Lo que sucedió luego no lo recuerdo bien. Ni siquiera recuerdo cómo llegué hasta la puerta. Sólo me acuerdo vagamente que pasé por encima de una anciana y me colé por las piernas de un hombre grandazo, o no sé si fue al revés. Lo cierto es que logré salir disparado de ese infierno sobre ruedas.

 

Ya no estaba yo en medio del micro con cuchucientas mil desdichas encima, sino que HABIA LOGRADO BAJAR. Claro, a quince cuadras de mi casa, pero bajé y emprendí el camino hacia mi acariciado destino.

En el camino pensé que todas las cosas deberían tener un lado positivo. No encontré en ese momento el lado positivo de mi tortuosa aventura, pero, llegando a casa, metí la mano en el bolsillo y

-¡chispas!- lo hallé: ¡NO PAGUÉ EL PASAJE!

 

 

 

 

 

 

LA AMANTE DE LA CULEBRA

 

Era la única hija de un matrimonio. Todos los días iba a la montaña a cuidar el ganado. El padre y la madre no tenían más hijos que ella. Y por eso la mandaban día a día a pastar el ganado. La moza era ya casadera, muy desarrollada y hermosa. Cierto día, en la cumbre de un cerro, se le acercó un joven muy fino, muy delgado.

- Sé mi amante - le dijo. Y siguió hablándole de amor.

Viéndolo alto y vigoroso, la joven aceptó.
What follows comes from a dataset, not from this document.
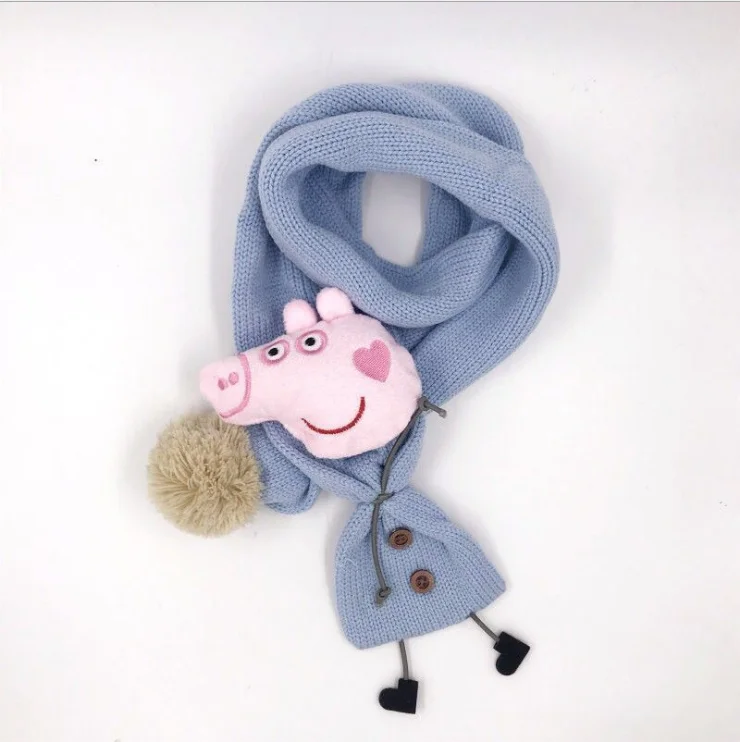 Peppa плюшевая игрушка свинка шарф милый детский шарф осень зима шарф ветрозащитный Теплый вязаный шарф свинка Пегги ребенок подарок на день рождения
Desde entonces se veían en la montaña; ahí se amaban.

- Quiere que me traigas siempre harina flor, tostada – dijo el mozo a la pastora.
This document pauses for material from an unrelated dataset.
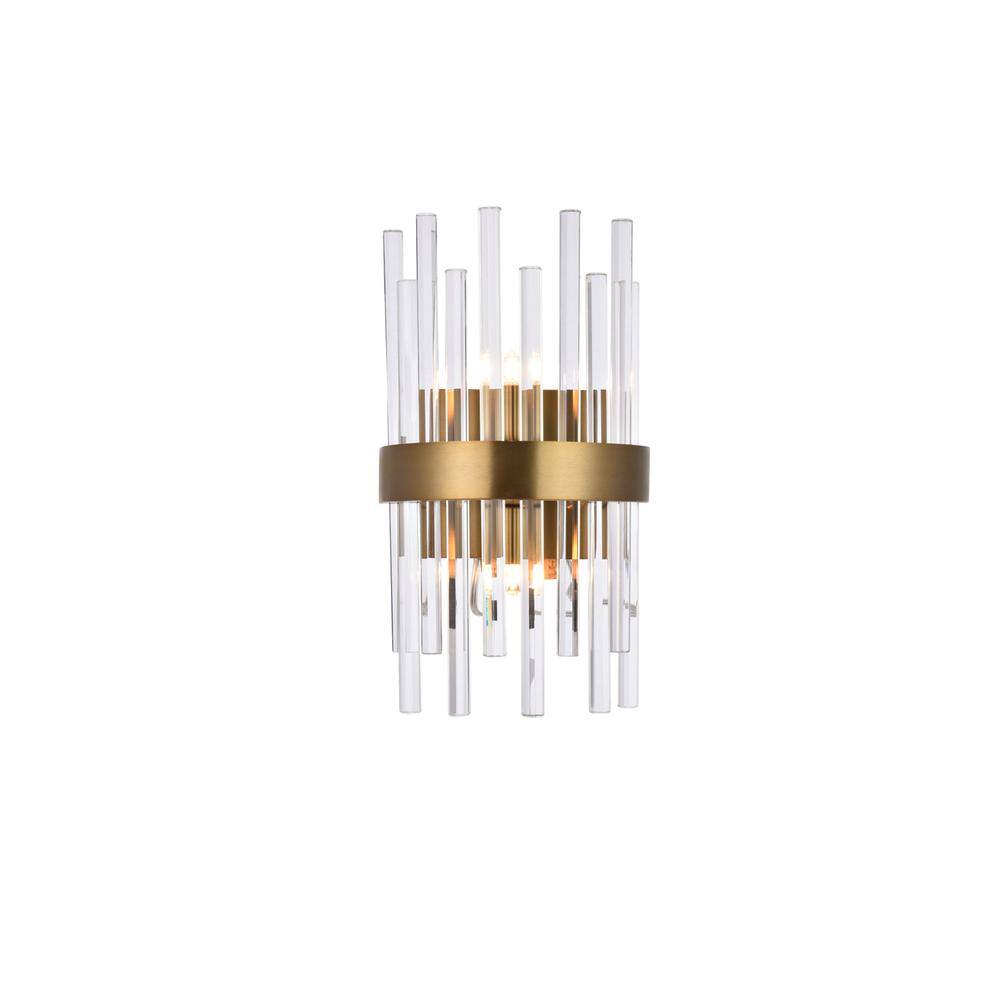 Alt View 3. Elegant Lighting - Dallas 2 light Gold and Clear Wall Sconce Clear Royal Cut Crystal - Gold And Clear.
Ella cumplió el encargo de su amante. Y le llevaba harina flor cocida, todos los días. Comían juntos. Se servían el uno al otro. Así vivieron durante mucho tiempo. El mozo caminaba y corría de bruces, se arrastraba como si tuviera muchos pies menudos. Es que no era hombre. Era una serpiente, pero para ella semejaba un mozo delgado y alto.

La moza quedó encinta y dijo al joven:

- Estoy embarazada. Cuando lo sepan mis padres me reconvendrán y me preguntarán quién es el padre de mi hijo. Debemos decidir, si vamos a mi casa o a la tuya.